__TASK DESCRIPTION__
Return only the lines below starting at the line containing "NickyByrne's tweet photo." and ending at the line containing "Outer Peace Pin", both included, exactly as they are and with no pictures.

Short descriptive text snippets
^^^^^^^^

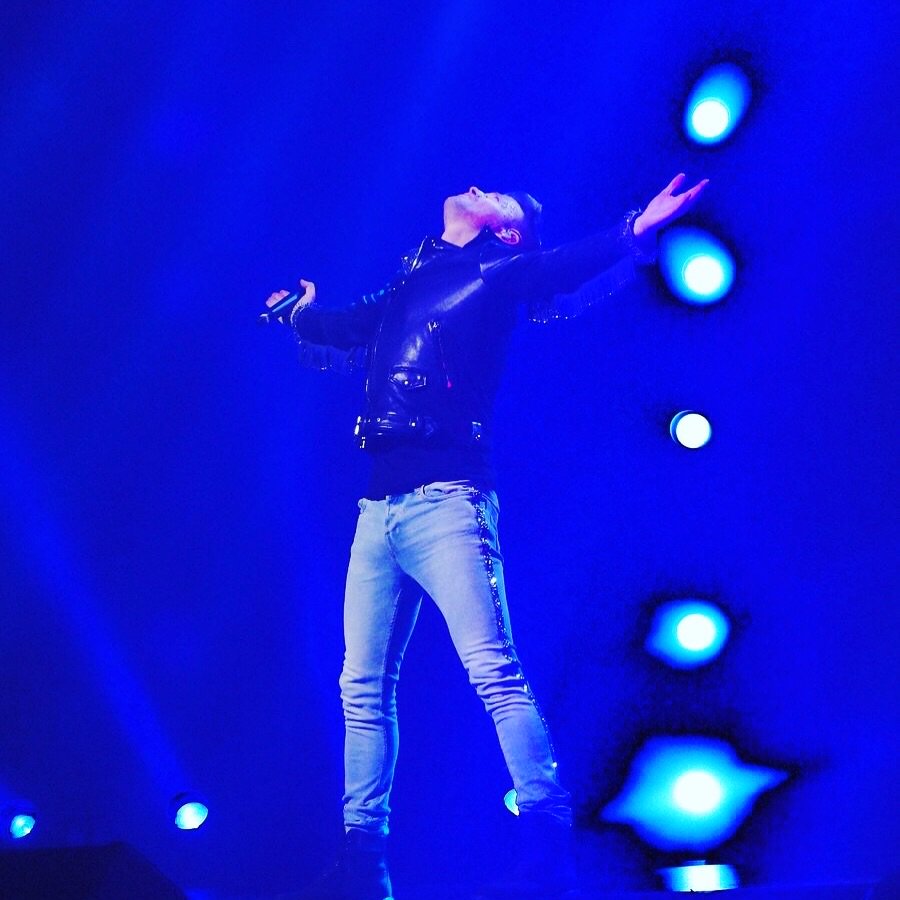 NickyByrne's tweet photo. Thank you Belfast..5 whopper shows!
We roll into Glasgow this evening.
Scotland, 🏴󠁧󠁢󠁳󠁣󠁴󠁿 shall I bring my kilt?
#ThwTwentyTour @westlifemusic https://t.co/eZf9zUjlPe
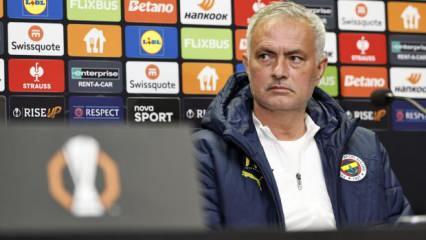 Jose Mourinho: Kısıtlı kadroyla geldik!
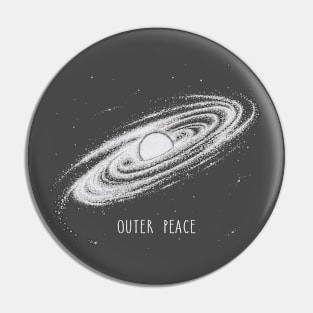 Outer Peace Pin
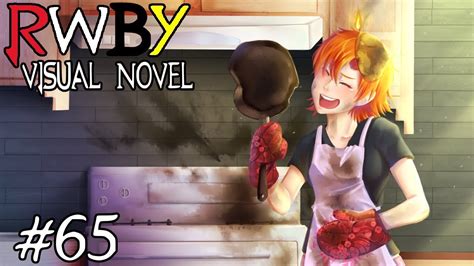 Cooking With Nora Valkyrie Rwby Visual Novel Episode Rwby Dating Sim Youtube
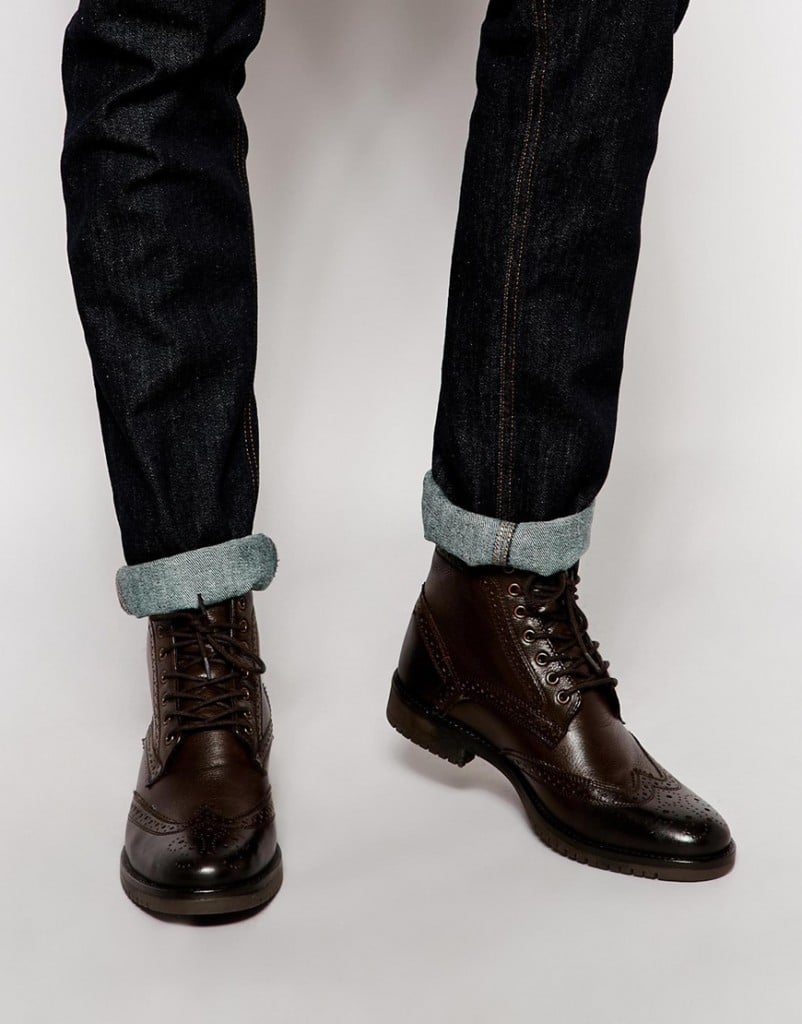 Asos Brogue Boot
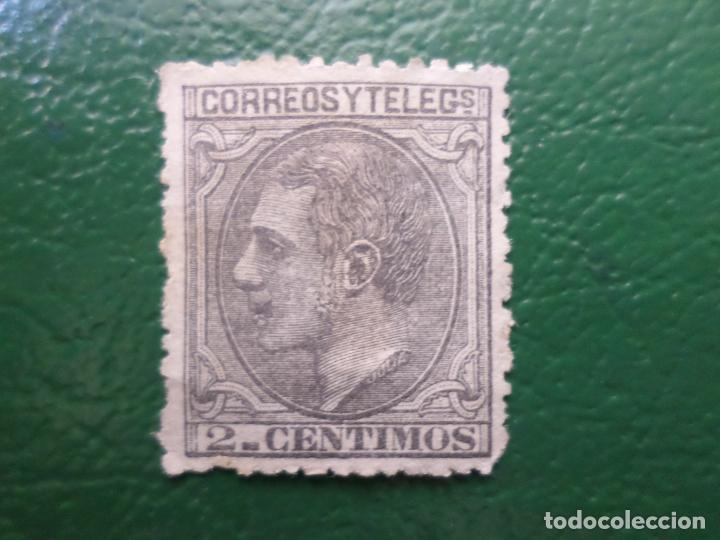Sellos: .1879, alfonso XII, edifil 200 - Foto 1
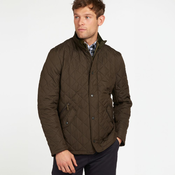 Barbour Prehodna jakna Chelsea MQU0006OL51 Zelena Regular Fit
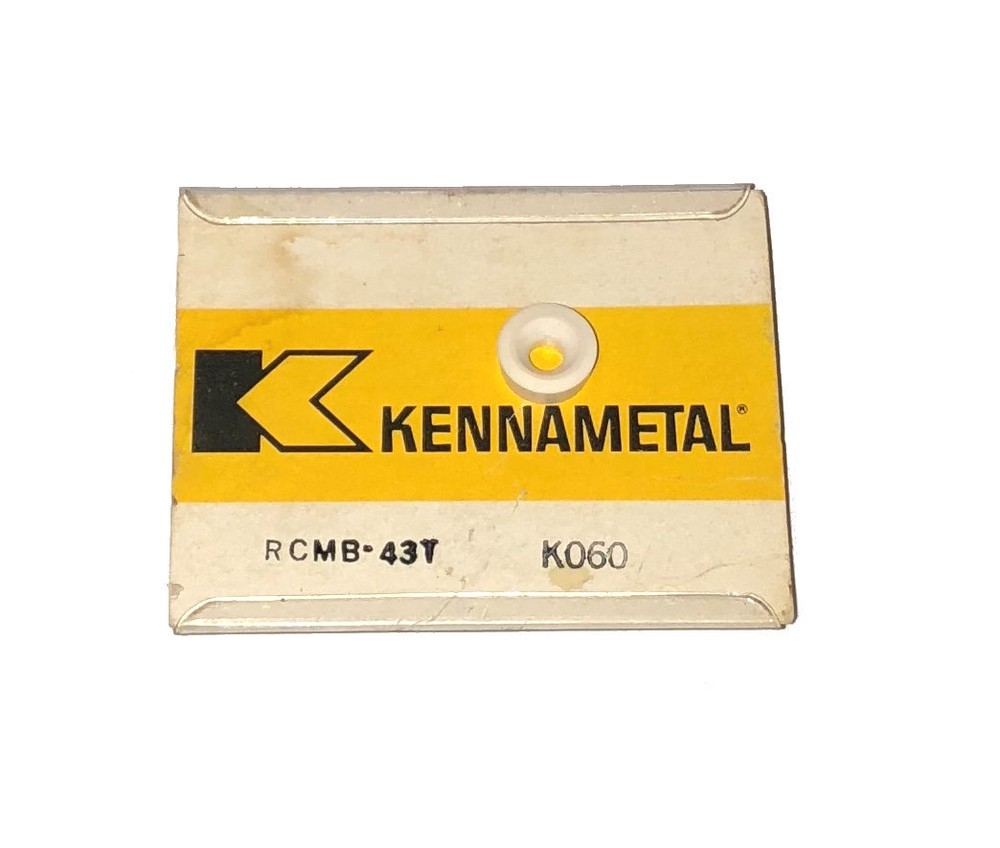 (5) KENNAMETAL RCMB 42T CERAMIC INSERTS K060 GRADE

^^^^^^^^

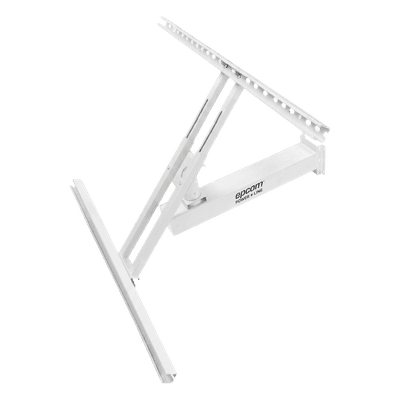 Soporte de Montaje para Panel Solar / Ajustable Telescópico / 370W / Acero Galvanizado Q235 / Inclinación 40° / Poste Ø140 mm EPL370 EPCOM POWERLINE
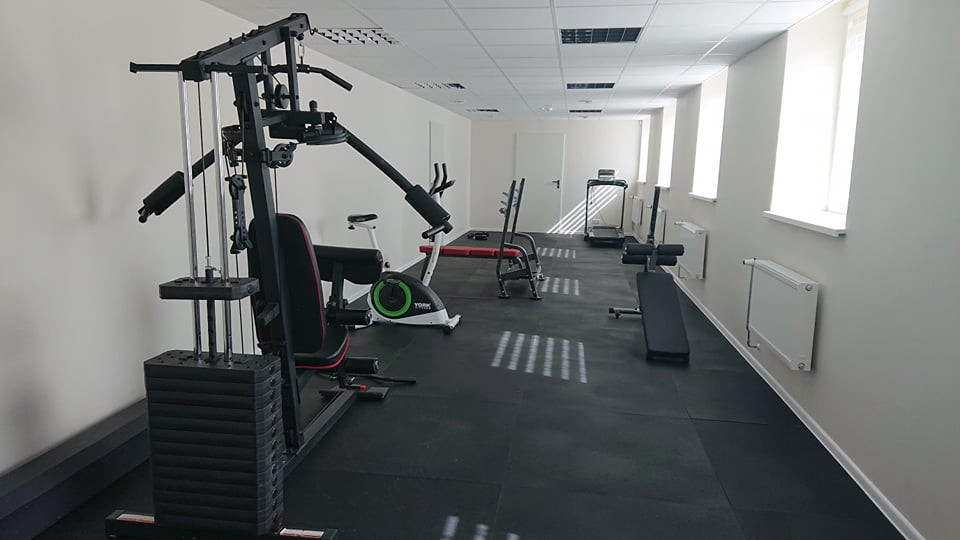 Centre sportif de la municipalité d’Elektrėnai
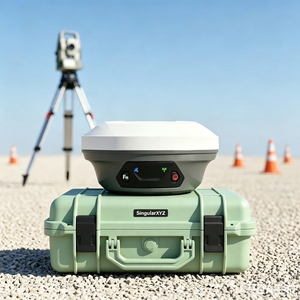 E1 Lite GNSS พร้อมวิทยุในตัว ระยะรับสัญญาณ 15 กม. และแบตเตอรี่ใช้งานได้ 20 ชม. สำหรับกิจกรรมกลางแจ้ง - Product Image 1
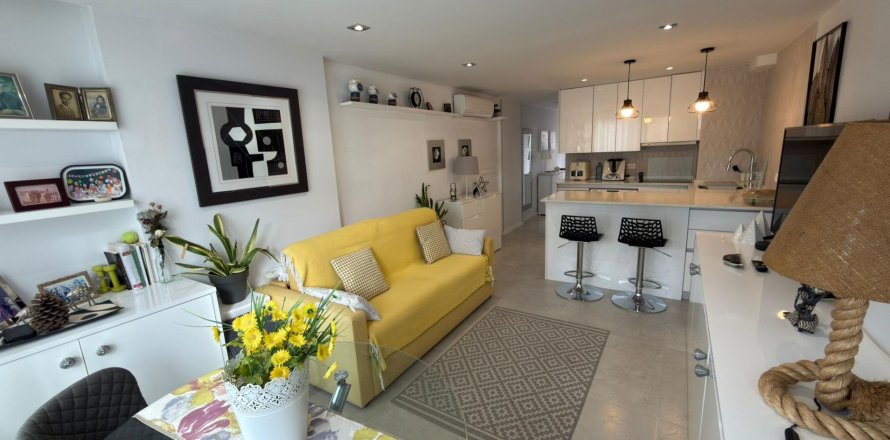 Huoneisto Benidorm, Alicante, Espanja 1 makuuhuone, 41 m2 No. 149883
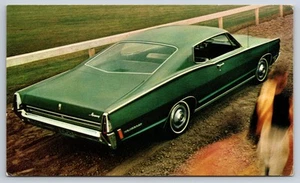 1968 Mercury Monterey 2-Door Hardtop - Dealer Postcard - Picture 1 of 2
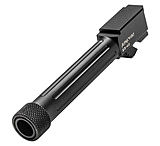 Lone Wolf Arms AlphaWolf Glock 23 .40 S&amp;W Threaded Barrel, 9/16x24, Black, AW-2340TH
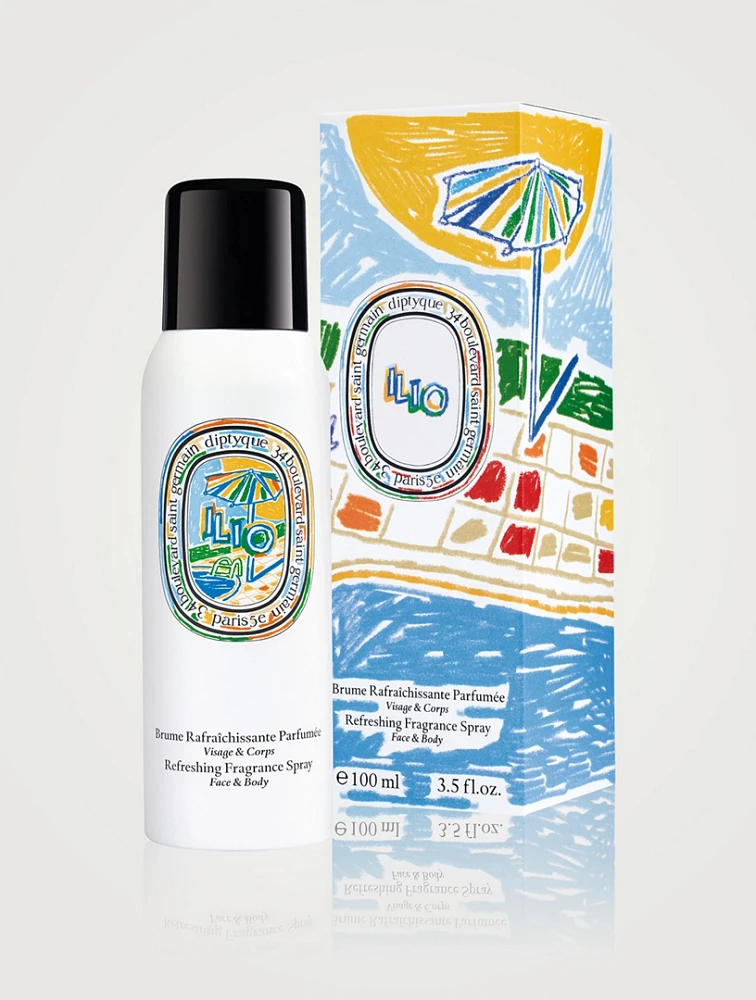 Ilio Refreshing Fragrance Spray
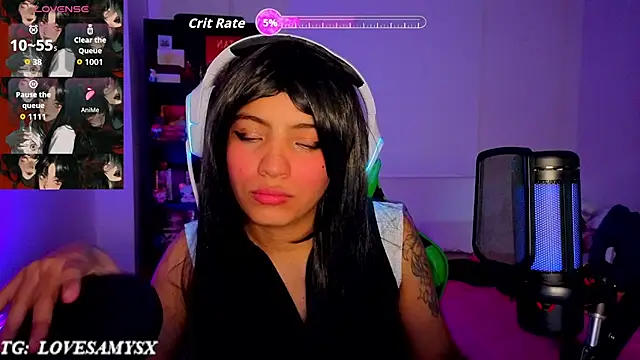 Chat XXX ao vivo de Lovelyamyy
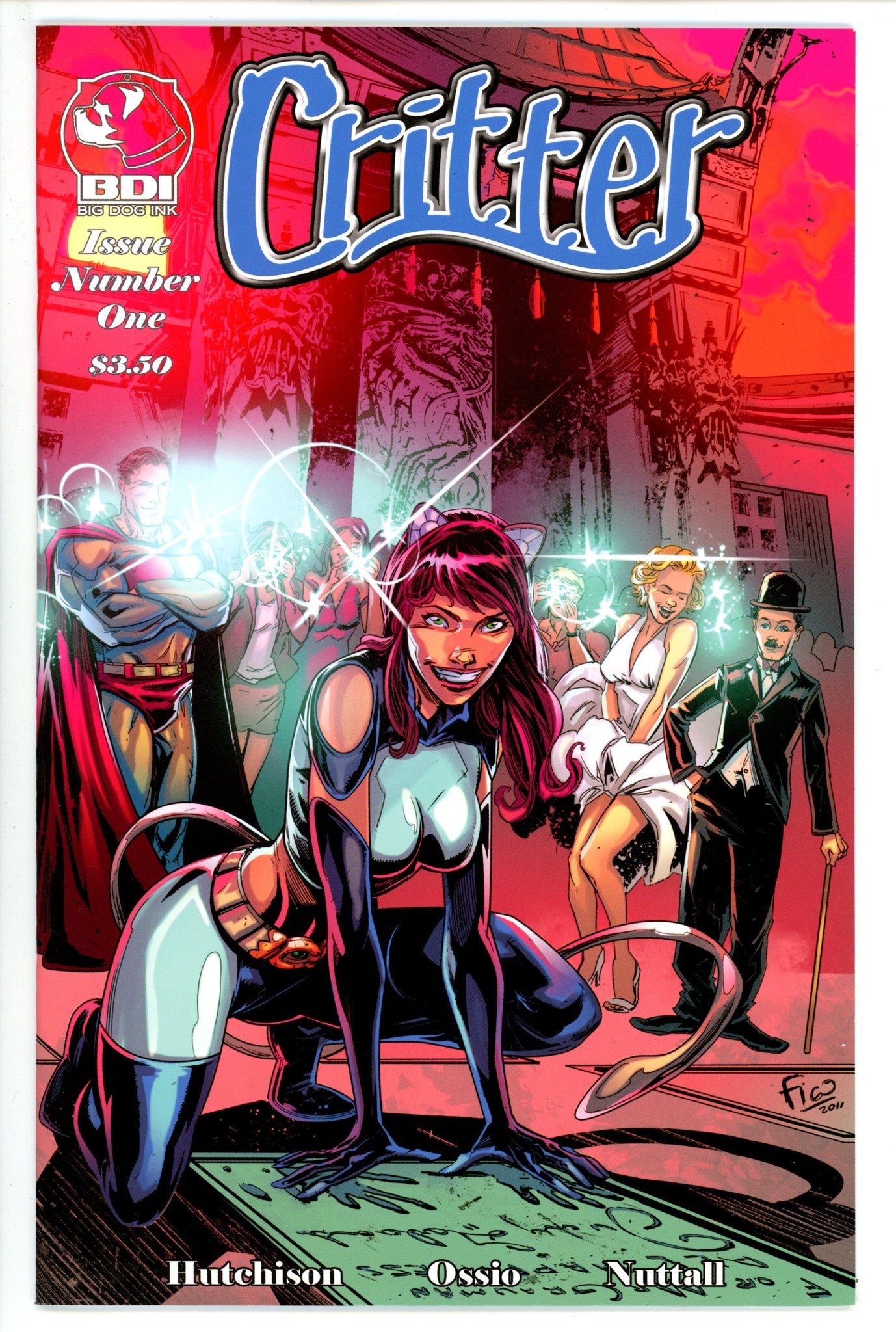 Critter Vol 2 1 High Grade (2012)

^^^^^^^^

__SOLUTION TO THIS EXERCISE__
 NickyByrne's tweet photo. Thank you Belfast..5 whopper shows!
We roll into Glasgow this evening.
Scotland, 🏴󠁧󠁢󠁳󠁣󠁴󠁿 shall I bring my kilt?
#ThwTwentyTour @westlifemusic https://t.co/eZf9zUjlPe
 Jose Mourinho: Kısıtlı kadroyla geldik!
 Outer Peace Pin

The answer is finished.